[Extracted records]
[Start of section]
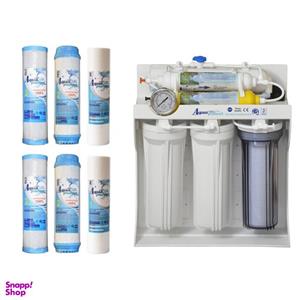 دستگاه تصفیه کننده آب آکوا پیورست مدل AQA- 606 به همراه فیلتر تصفیه آب مجموعه 6 عددی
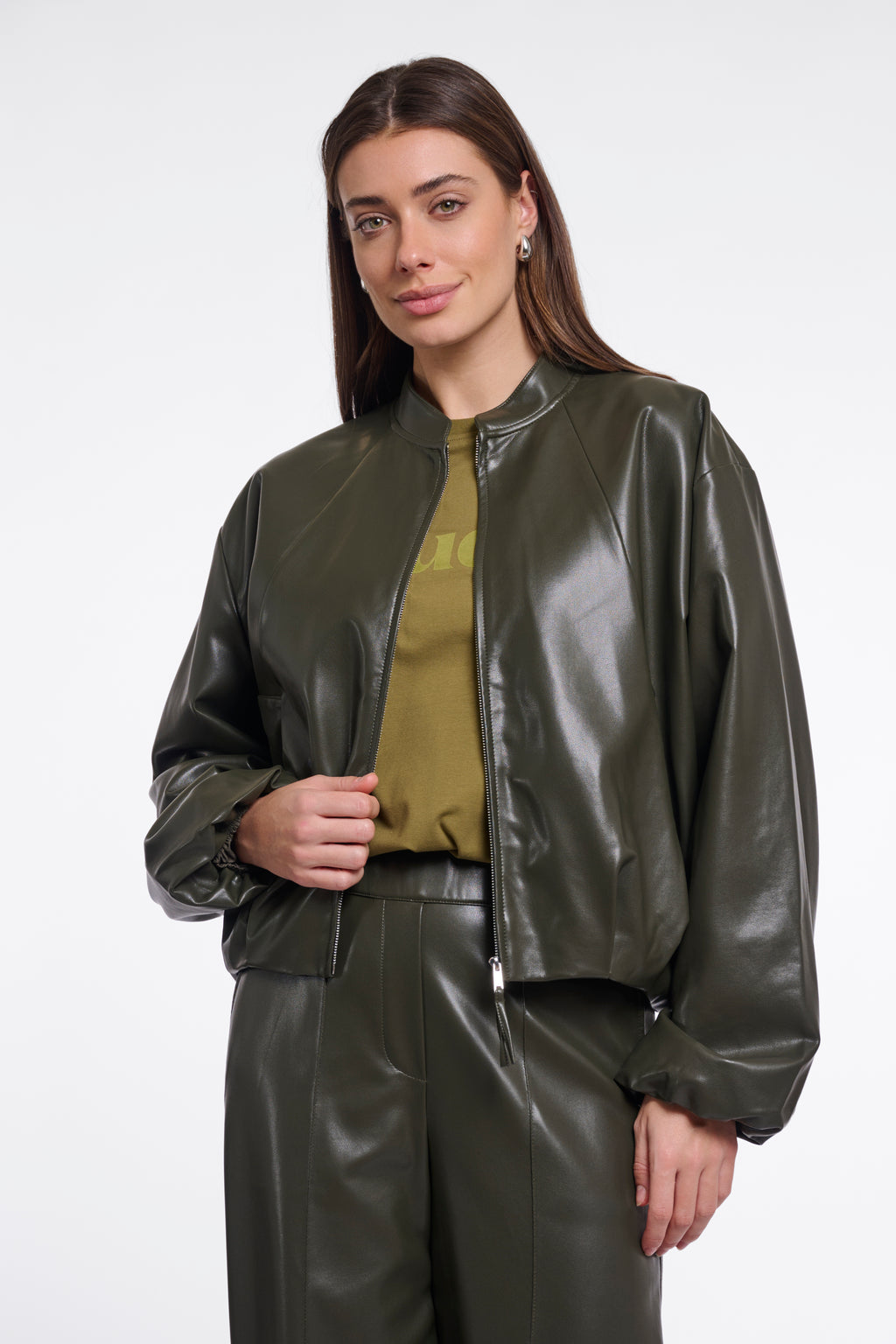 Boja Blouson Jacket With Zipper Closure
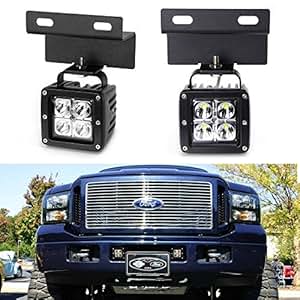 Amazon.com: iJDMTOY Complete 40W High Power LED Fog Lights ... 2005 ford f 250 light wiring 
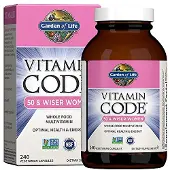 Garden of life , Vitamin Code Whole Food Multivitamiini naisille, 50 +, 240 kasviskapselia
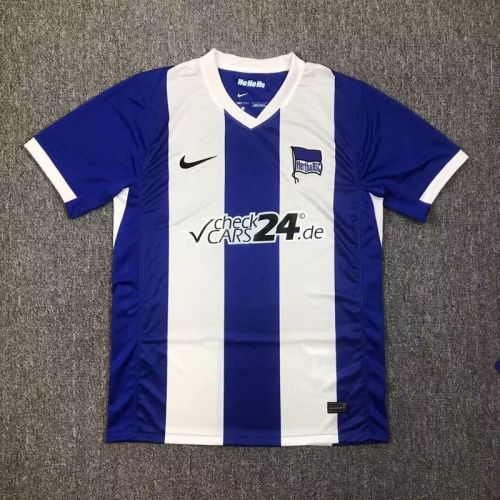 Fan Version 2024-2025 Hertha Berliner Home Soccer Jersey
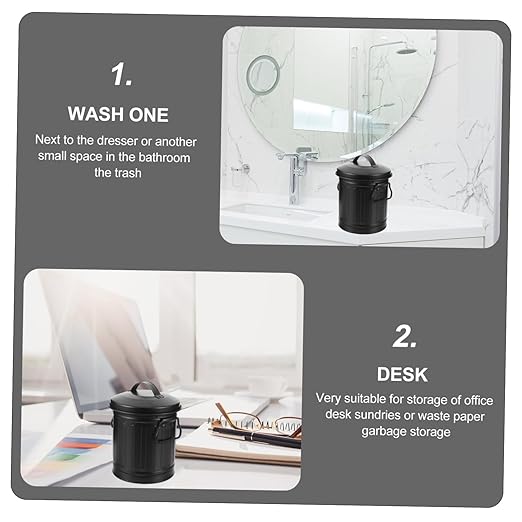 VILLCASE Creative Wastebasket Bucket Shaped Rubbish Bin Office and Home Storage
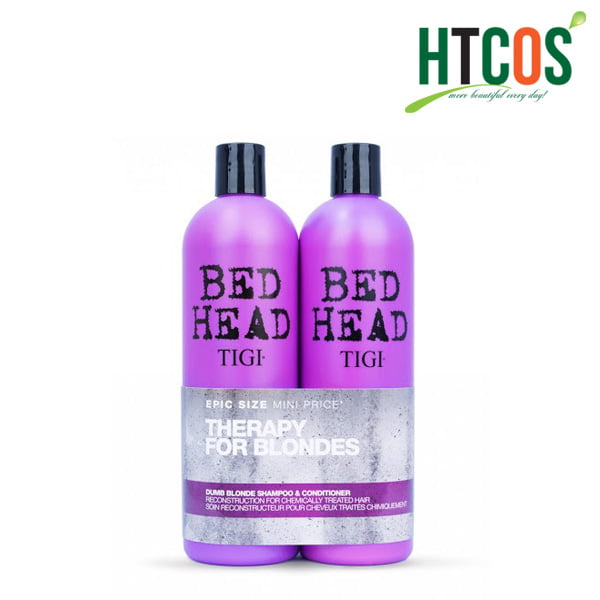 Bộ Gội Xả Tigi Bed Head Therapy For Blondes 750ml Mỹ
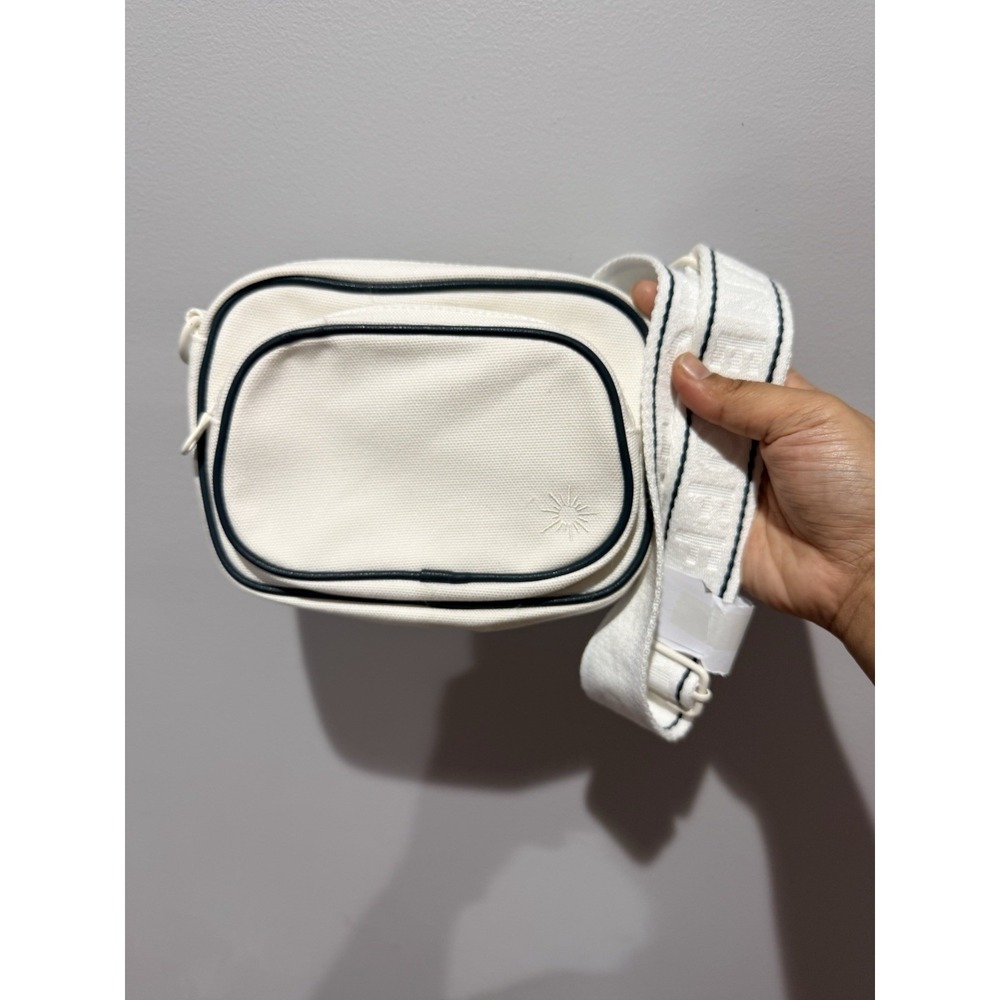 Offline by Aerie - White Blue Canvas Crossbody Bag w/ Strap NWT H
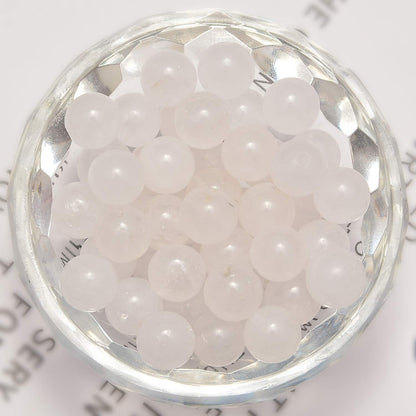NCB 100pcs Original Natural Stone Beads Gemstone Round Loose Beads 6mm 8mm 10mm (Blue Aventurine, 6mm 100Beads) - Colors A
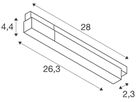 LED-Betriebsgerät SLV Intrack 200W 48V DALI 280×23×44mm schwarz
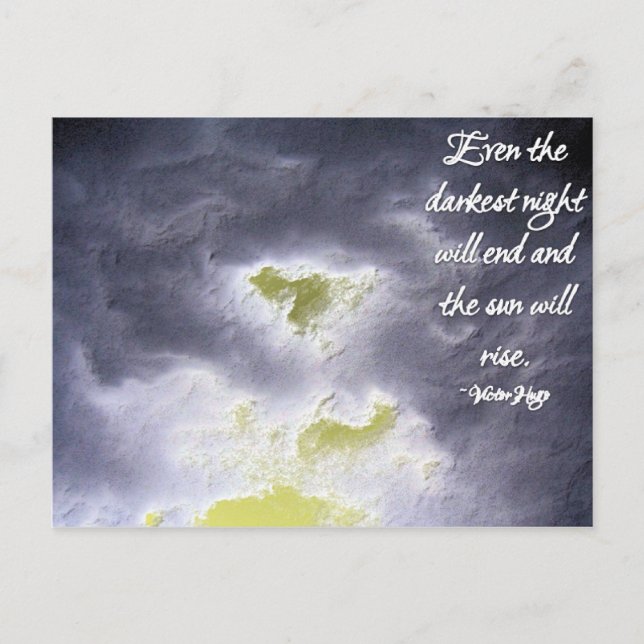 Even the darkest night... postcard (Front)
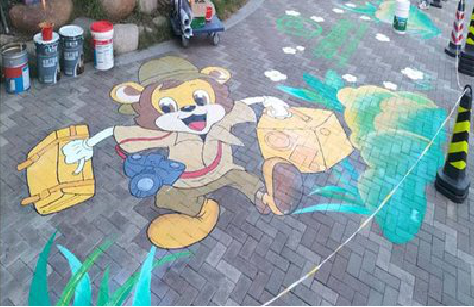 辰溪夏季画地面彩绘会遇到的问题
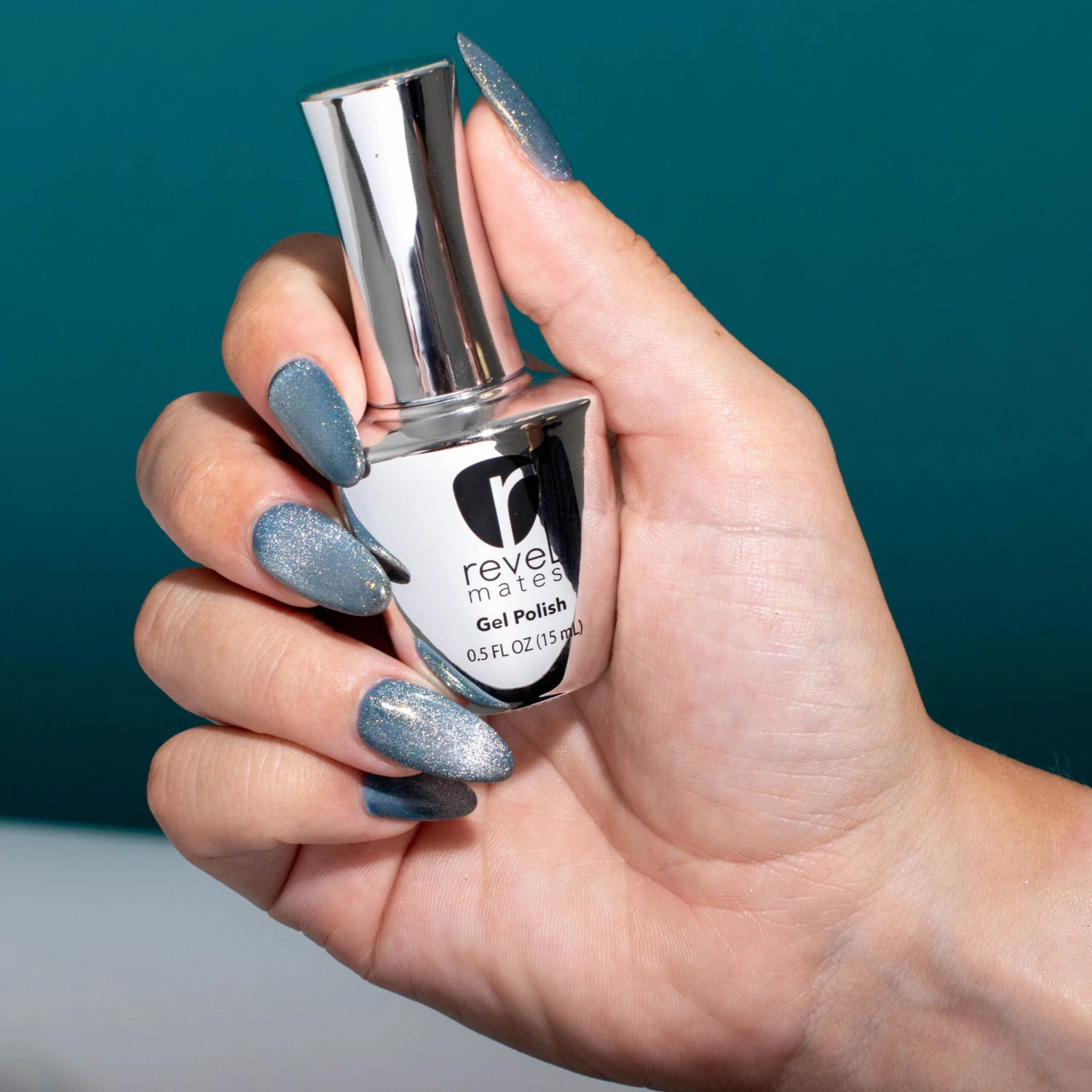 G980 Denim Dreams Blue 3D Cat Eye Magnetic Gel Polish 4 G980 Denim Dreams Blue 3D Cat Eye Magnetic Gel Polish - Image 2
[End of section]
The records above must be returned exactly, with each picture omitted.

- [Output of the exercise]:
 دستگاه تصفیه کننده آب آکوا پیورست مدل AQA- 606 به همراه فیلتر تصفیه آب مجموعه 6 عددی
 Boja Blouson Jacket With Zipper Closure
 Amazon.com: iJDMTOY Complete 40W High Power LED Fog Lights ... 2005 ford f 250 light wiring 
 Garden of life , Vitamin Code Whole Food Multivitamiini naisille, 50 +, 240 kasviskapselia
 Fan Version 2024-2025 Hertha Berliner Home Soccer Jersey
 VILLCASE Creative Wastebasket Bucket Shaped Rubbish Bin Office and Home Storage
 Bộ Gội Xả Tigi Bed Head Therapy For Blondes 750ml Mỹ
 Offline by Aerie - White Blue Canvas Crossbody Bag w/ Strap NWT H
NCB 100pcs Original Natural Stone Beads Gemstone Round Loose Beads 6mm 8mm 10mm (Blue Aventurine, 6mm 100Beads) - Colors A
 LED-Betriebsgerät SLV Intrack 200W 48V DALI 280×23×44mm schwarz
 Even the darkest night... postcard (Front)
 辰溪夏季画地面彩绘会遇到的问题
 G980 Denim Dreams Blue 3D Cat Eye Magnetic Gel Polish 4 G980 Denim Dreams Blue 3D Cat Eye Magnetic Gel Polish - Image 2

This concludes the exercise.